> [Data under study]:
• • • • •
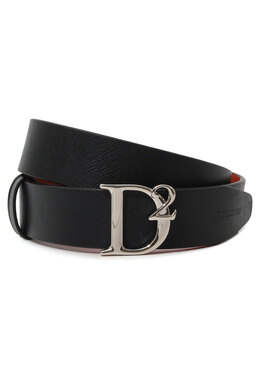 DSQUARED2: Ремень 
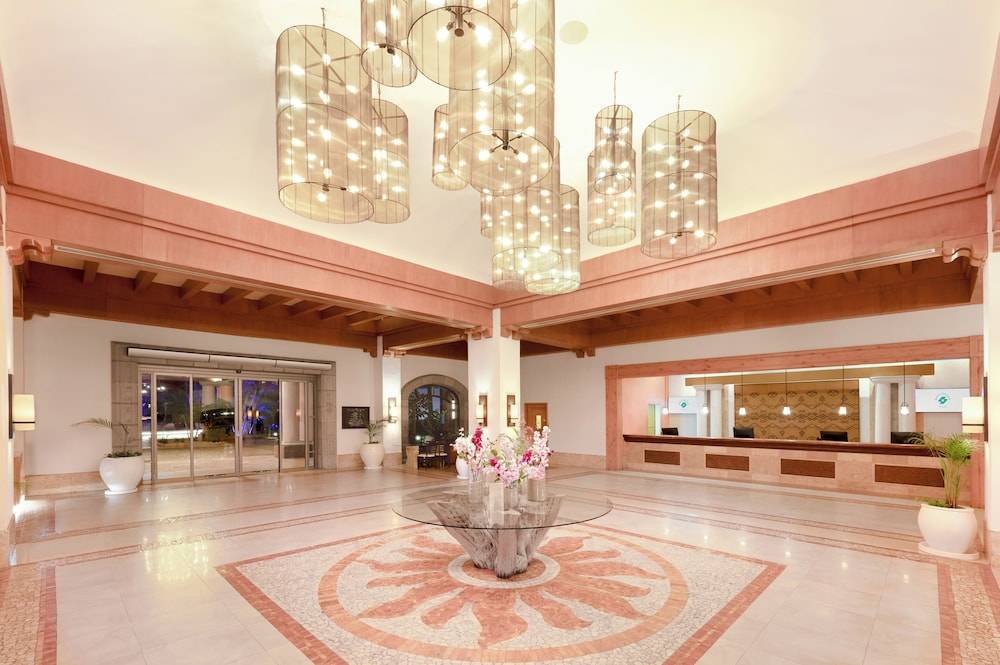 Royal Solaris Los Cabos - All Inclusive 2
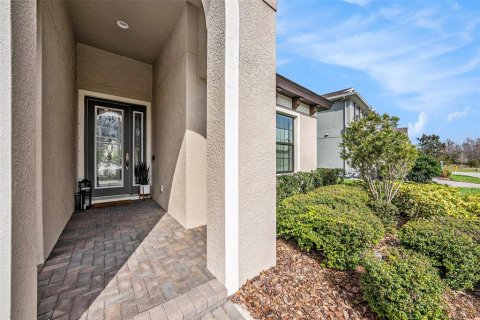 Casa en venta en Land O' Lakes, Florida, 3 dormitorios, 195.84 m2 № 1843542 - foto 4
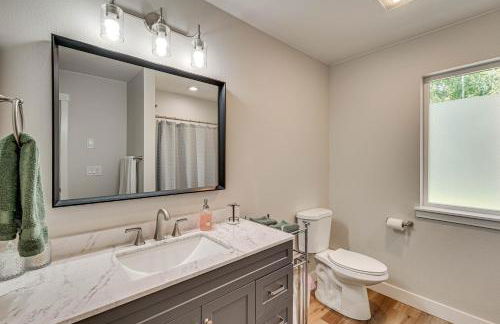 Explore Alaskas Playground Modern Wasilla Escape - Foto 19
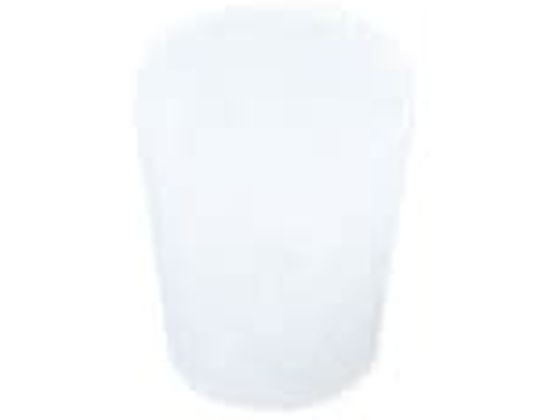 �����Ɏq��B �V���R���� No.2 �����ǃL���b�v 23-3270-02 NO.2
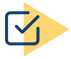 Icons_Check_Yellow
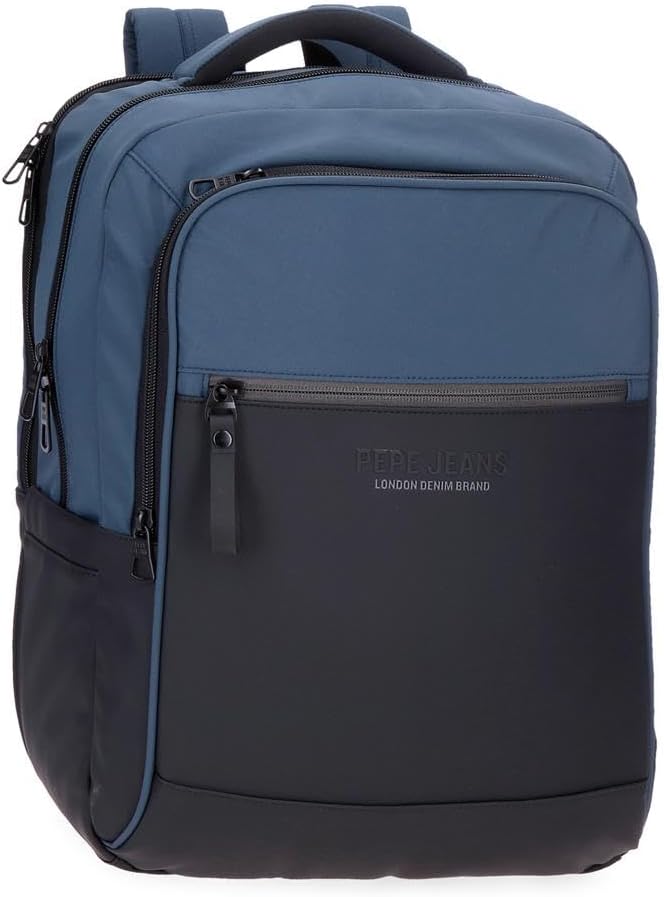 Detalle de Pepe Jeans Sail up Mochila 11,1L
• • • • •
> [Work item]: An answer containing only the lines from the one holding "Royal Solaris Los Cabos - All Inclusive 2" through the close of the entries above, reproduced exactly and stripped of pictures, is expected.

> [Output of the task]:
 Royal Solaris Los Cabos - All Inclusive 2
 Casa en venta en Land O' Lakes, Florida, 3 dormitorios, 195.84 m2 № 1843542 - foto 4
 Explore Alaskas Playground Modern Wasilla Escape - Foto 19
 �����Ɏq��B �V���R���� No.2 �����ǃL���b�v 23-3270-02 NO.2
 Icons_Check_Yellow
 Detalle de Pepe Jeans Sail up Mochila 11,1L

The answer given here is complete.